Arrivé à Rome ,à nouveau enchaîné, Paul cette fois est bien seul, beaucoup de compagnons l’ont quitté comme Philetos, Hyménaios.., le dernier carré des amis fidèles est restreint, il y a Trophine, Timothée, Aquila, le médecin Luc et le nouveau et fidèle compagnon Onésiphore.

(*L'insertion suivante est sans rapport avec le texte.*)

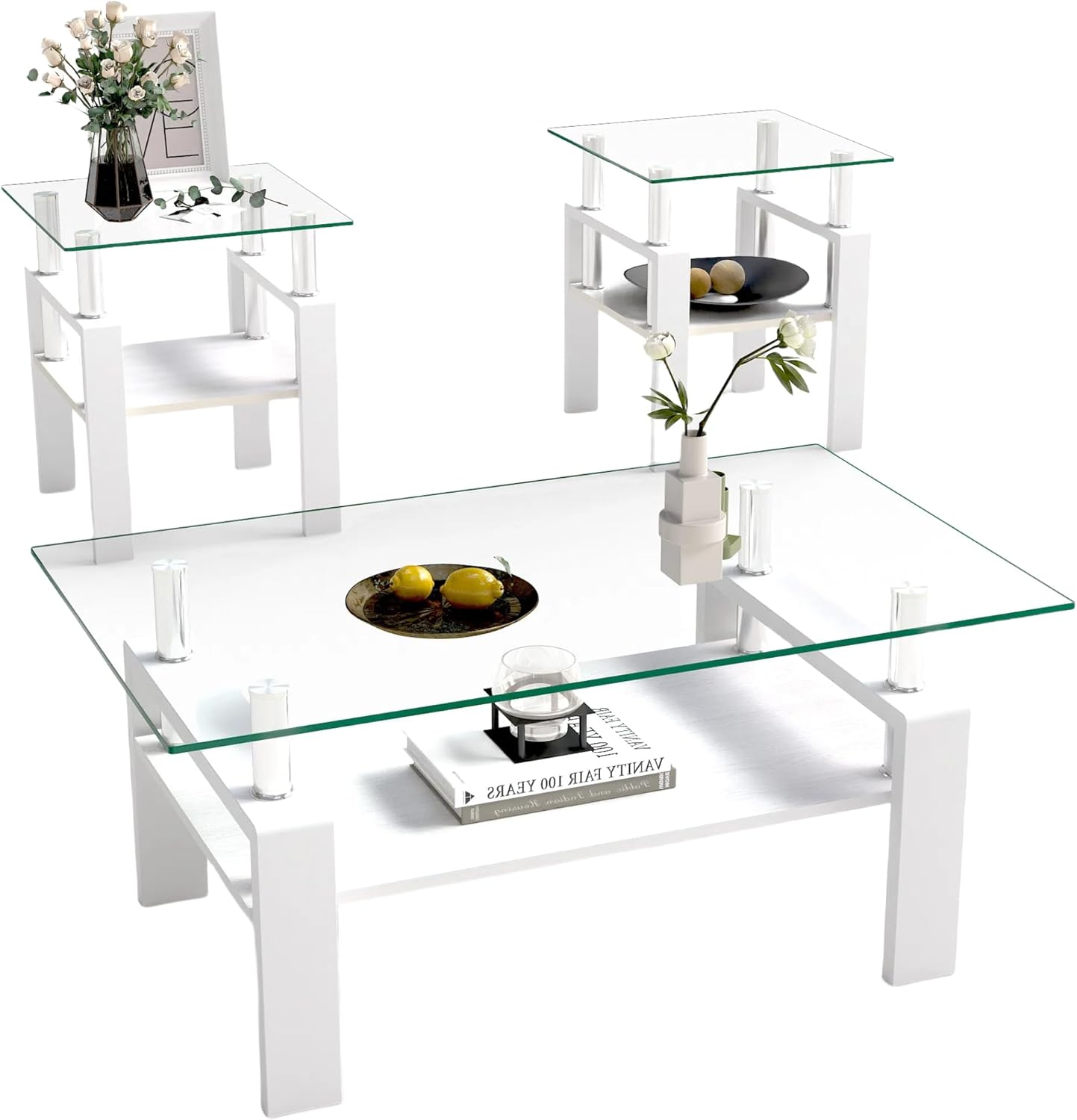 IANIYA 3 Pieces Living Room Table Set, Coffee Table Set of 3 Modern Rectangle Tempered Glass Coffee Table with 2 End Side Tables, 3 Piece Table Sets for Apartment Home Office (3, White)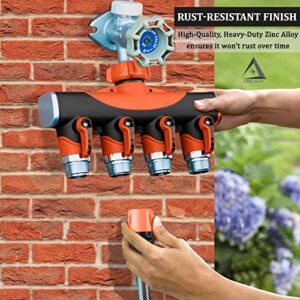 DBR Tech 4 Way Garden Hose Splitter for Outdoor Lawn and Gardening Hoses, Heavy Duty Metal Faucet Attachment, Leak Resistant Threading with Shut Off Valves, Four Way Spigot Adapter Full Flow, Orange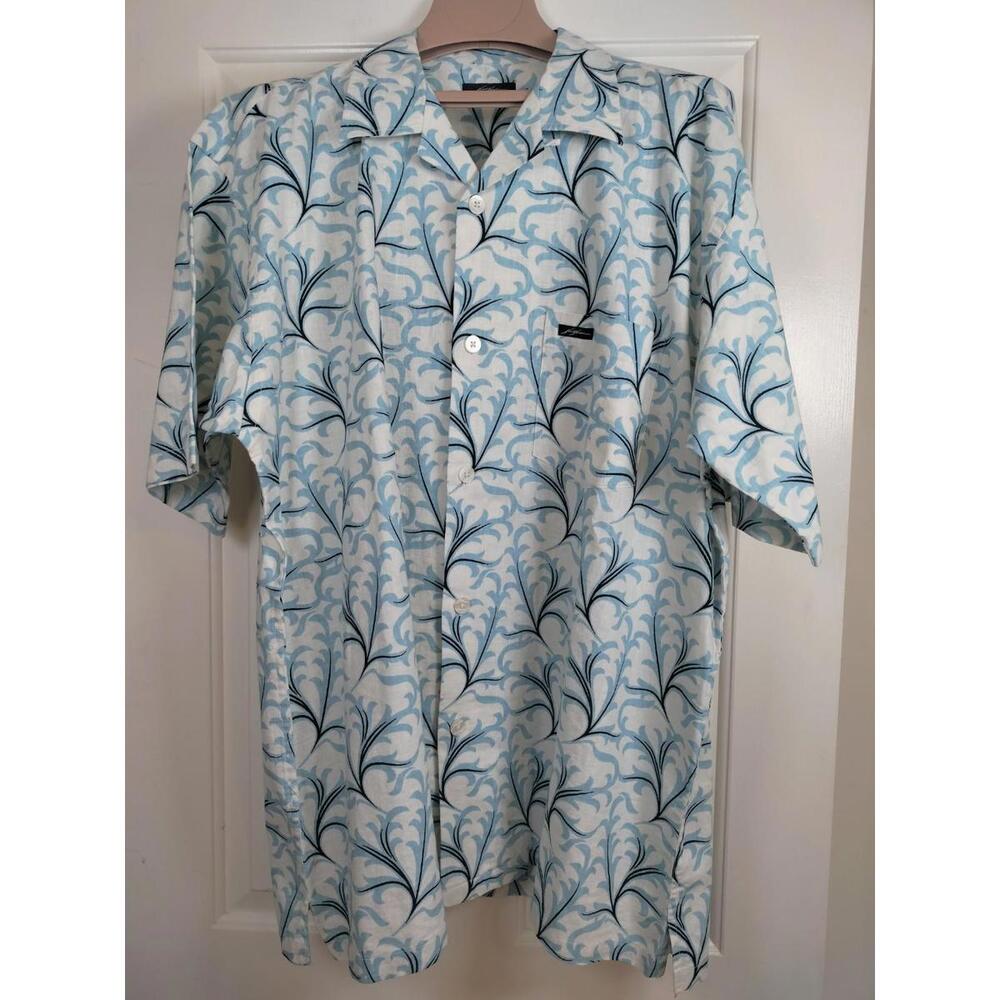 VTG Karl Kani 90s All Over Print Blue‎ Leaf Floral Linen Blend Shirt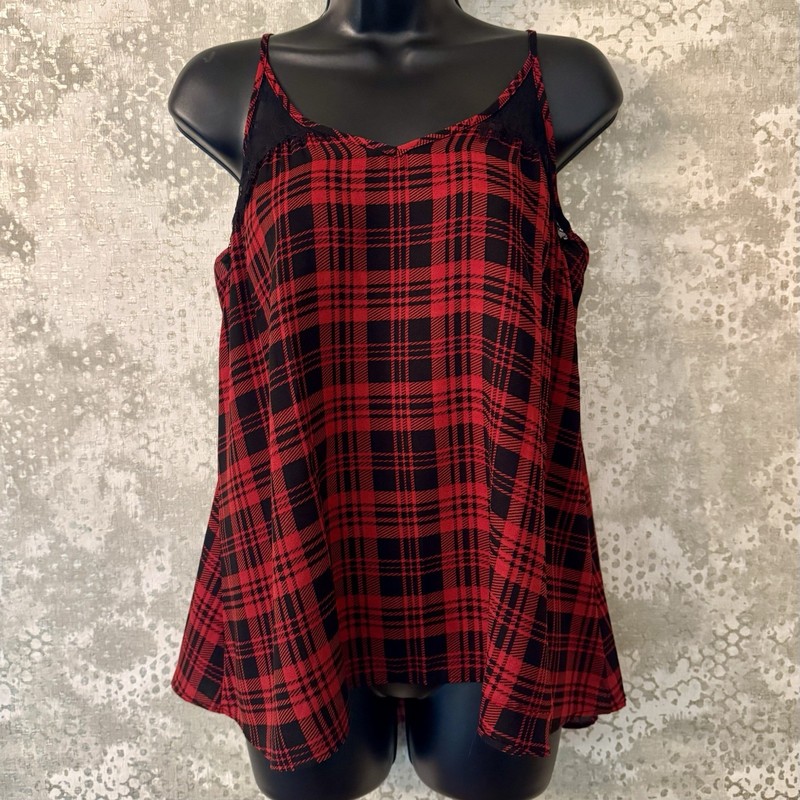 BOBEAU Brand Red & Black BUFFALO PLAID Sleeveless Cami MED Blouse w/Lace Accent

A Rome, l’ambiance à changé en sa défaveur. Le culte de Néron se développe, le nouveau préfet du prétoire, Tigellia est une véritable brute. Dans les années 62-68, la police romaine persécute tous ceux qui apparaissent comme séditieux, et, pour être plus efficace, fait appel à la délation. Plusieurs faits ont marqués cette période, et, à chaque fois il fallait trouver des boucs émissaires, aussi, les adeptes de la Voie que l’on commence à appeler chrétiens et à distinguer des autres Juifs, sont des cibles toutes désignées mais pas les seuls. En 65-66, la persécution vise des philosophes stoïciens à Rome (27). Contrairement à une tradition qui paraît très évidente, Paul n’a peut-être pas été persécuté comme « chrétien » mais comme philosophe ! En effet, Rome a gardé pendant longtemps l’image d’un apôtre sage, philosophe comme tant d’autres grecs venus dans la capitale de l’empire entouré d’un petit groupe restreint de 7 à 8 disciples.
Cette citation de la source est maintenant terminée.